Northeastern Section–41st Annual Meeting (20–22 March 2006)

Paper No. 1
Presentation Time: 3:40 PM


HIBBARD, James, Marine, Earth, and Atmospheric Sciences, North Carolina State Univ, Box 8208, Raleigh, NC 27695 and VAN STAAL, Cees, Geological Survey of Canada, NRCAN, 614-615 Booth Street, Ottawa, ON K1A 0E8, Canada,

The New York promontory serves as the divide between the northern and southern segments of the Appalachians. Antiquated subdivisions, distinct for each segment, implied that they had lithotectonic histories that were independent of each other. Using new lithotectonic subdivisions we compare first order features of the pre-Late Ordovician orogenic 'building blocks' in order to test the validity of the implication of independent lithotectonic histories for the two segments.

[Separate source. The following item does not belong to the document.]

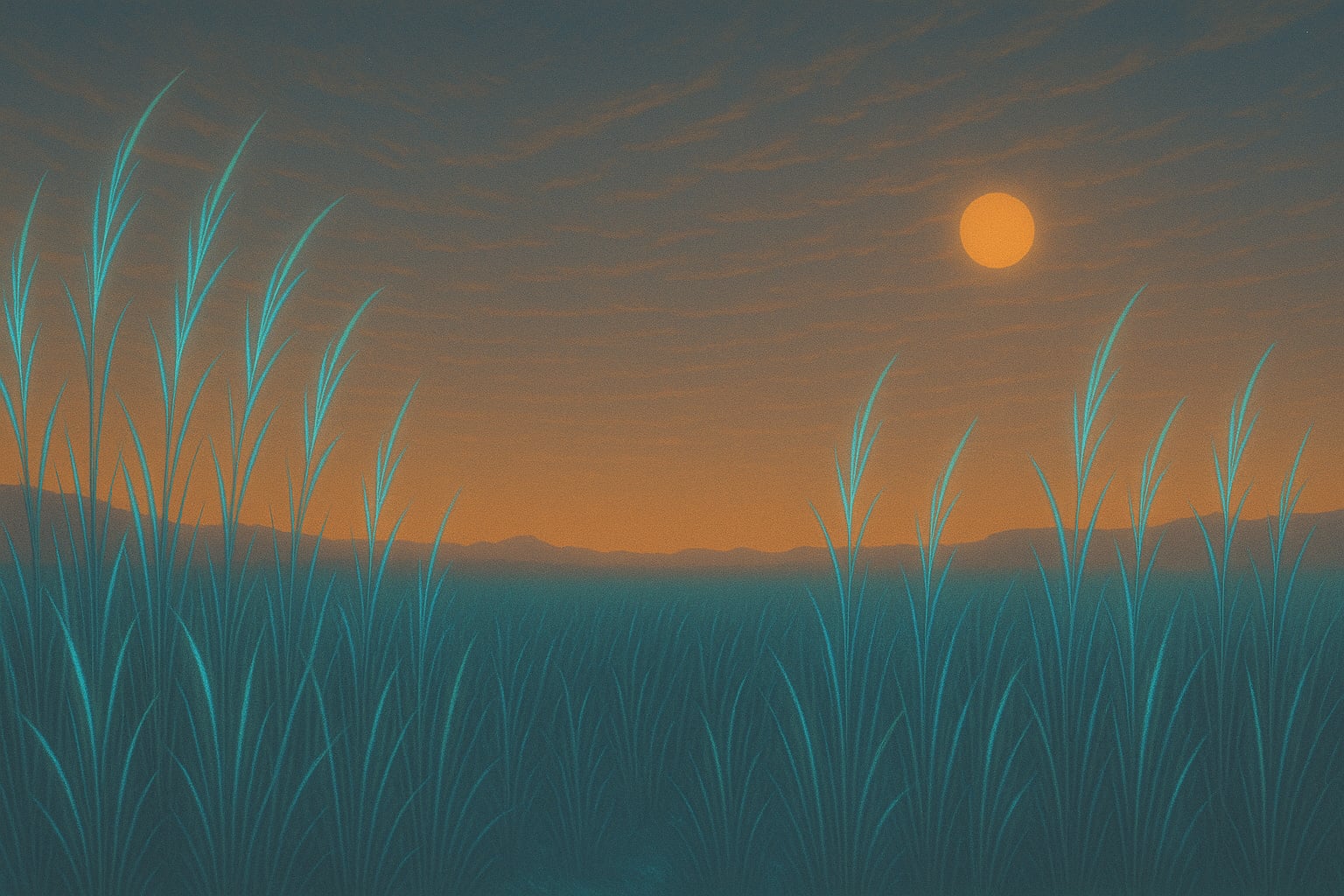 Trawy Oriatus – flora Oriona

Three lithotectonic divisions characterize the entire orogen, including the Laurentian, Iapetan, and the peri-Gondwanan realms. The Laurentian realm, composed of native North American rocks, is remarkably uniform for the length of the orogen, recording the multistage Neoproterozoic-early Paleozoic rift-drift history of the Appalachian passive margin and its ultimate demise in the Middle Ordovician. The Iapetan realm encompasses mainly oceanic and magmatic arc tracts that once lay within the Iapetus Ocean, between Laurentia and Gondwana. In the northern segment, the realm is divisible on the basis of stratigraphy and faunal provinciality into peri-Laurentian and peri-Gondwanan tracts that were amalgamated in the Late Ordovician. South of New York, stratigraphic and faunal controls decrease markedly; rock associations here are not inconsistent with those of the northern Appalachians, although second order differences exist. Exotic crustal blocks of the peri-Gondwanan realm include Ganderia, Avalonia, and Meguma in the north, and Carolinia in the south. Carolinia most closely resembles Ganderia, both in early evolution and Late Ordovician-Silurian docking to Laurentia. Southern equivalents of Avalonia and Meguma have yet to be recognized.

Our comparison indicates that, to a first order, the pre-Late Ordovician Appalachians developed uniformly, starting with complex rifting and a subsequent drift phase to form the Appalachian margin, followed by the consolidation of Iapetan components and ending with accretion of the peri-Gonwanan Ganderia and Carolinia. This deduction implies that any first order differences between northern and southern segments post-date Late Ordovician consolidation of a large portion of the orogen.